Hidden in the midst of Toronto, lay one of the city’s oldest, most authentic businesses, one which has been lost to the passing of time. Like a museum, Frank Correnti Cigars is the keeper to a cigar history long forgotten in today’s world. From its speak easy second floor entrance in the heart of downtown, to the 100 year old tobacco mold press which set amidst to a dozen worn rolling desks, right down to the accounting ledger from 1915. The incase glass displays holds cigar related antiques, relics, now aged, which has never left these walls.

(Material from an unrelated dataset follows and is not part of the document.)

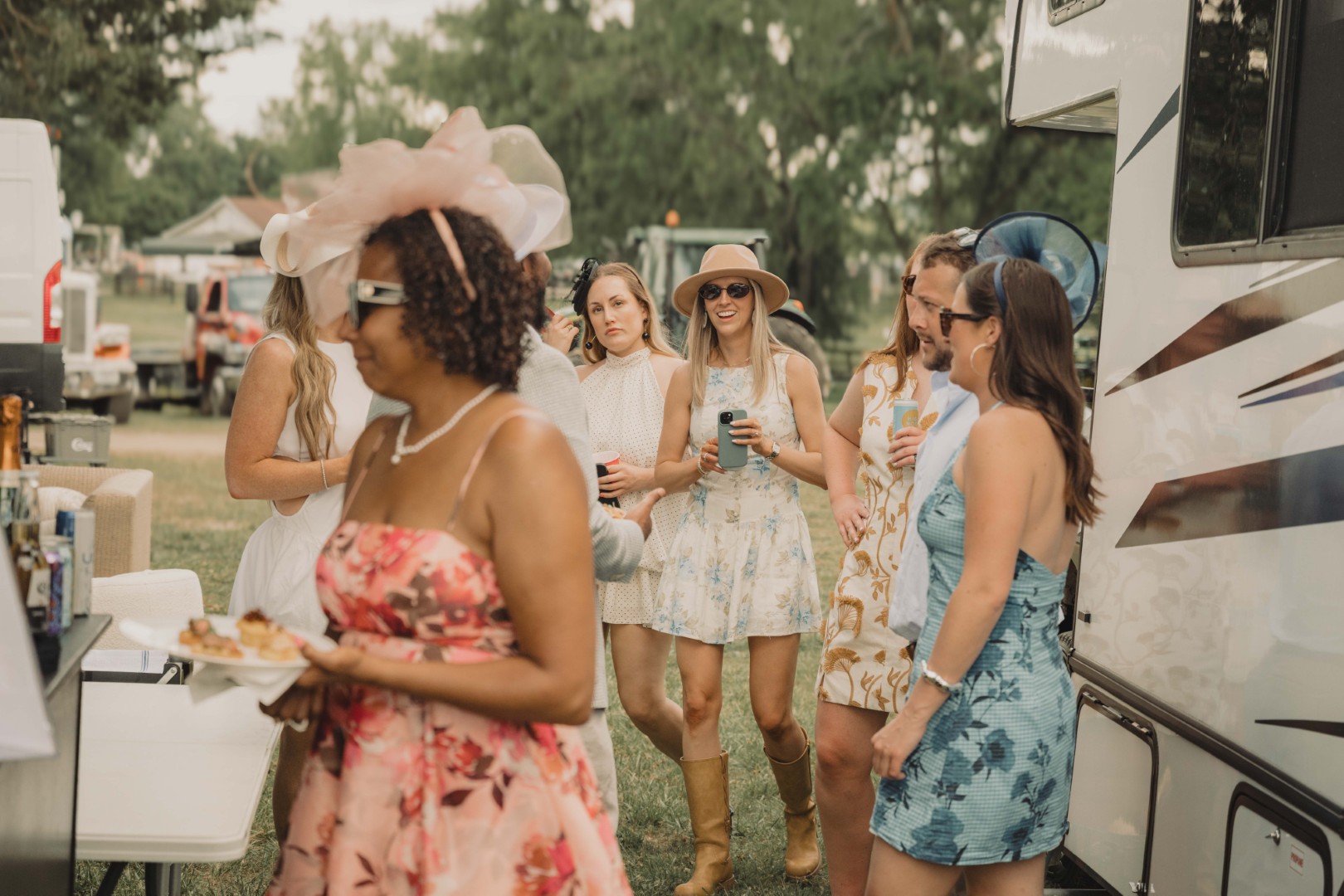 Group of people dressed in summer attire socializing outdoors near a camper and food table.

For the past five generations, the Miller family has been making high grade, handmade cigars. It all started with Kristian A. Moller, in days of candle light and horse ridden carriages. Kristian was the first in the family to professionally manufacture cigars in Copenhagen Denmark, circa 1882. From there he bore a son named Kai, who would learn the trade and follow in his father’s footsteps. Kai and his wife Ulla, opened up a cigar factory called Senga Tobak, where they worked until the post war immigration. Along with 70,000 Danes, they immigrated to new world with new opportunities.
Kai started off his career in Toronto picking up a job with the Rea Brothers, which were local Toronto cigar manufactures (who have long since defunct) until Kai and Ulla, along with their young son Johnny, would go on to purchase Frank Correnti Cigars, which was a factory that started under V. Fernandez/Lopez in 1903 (according to the Tax Archives, National Library of Canada).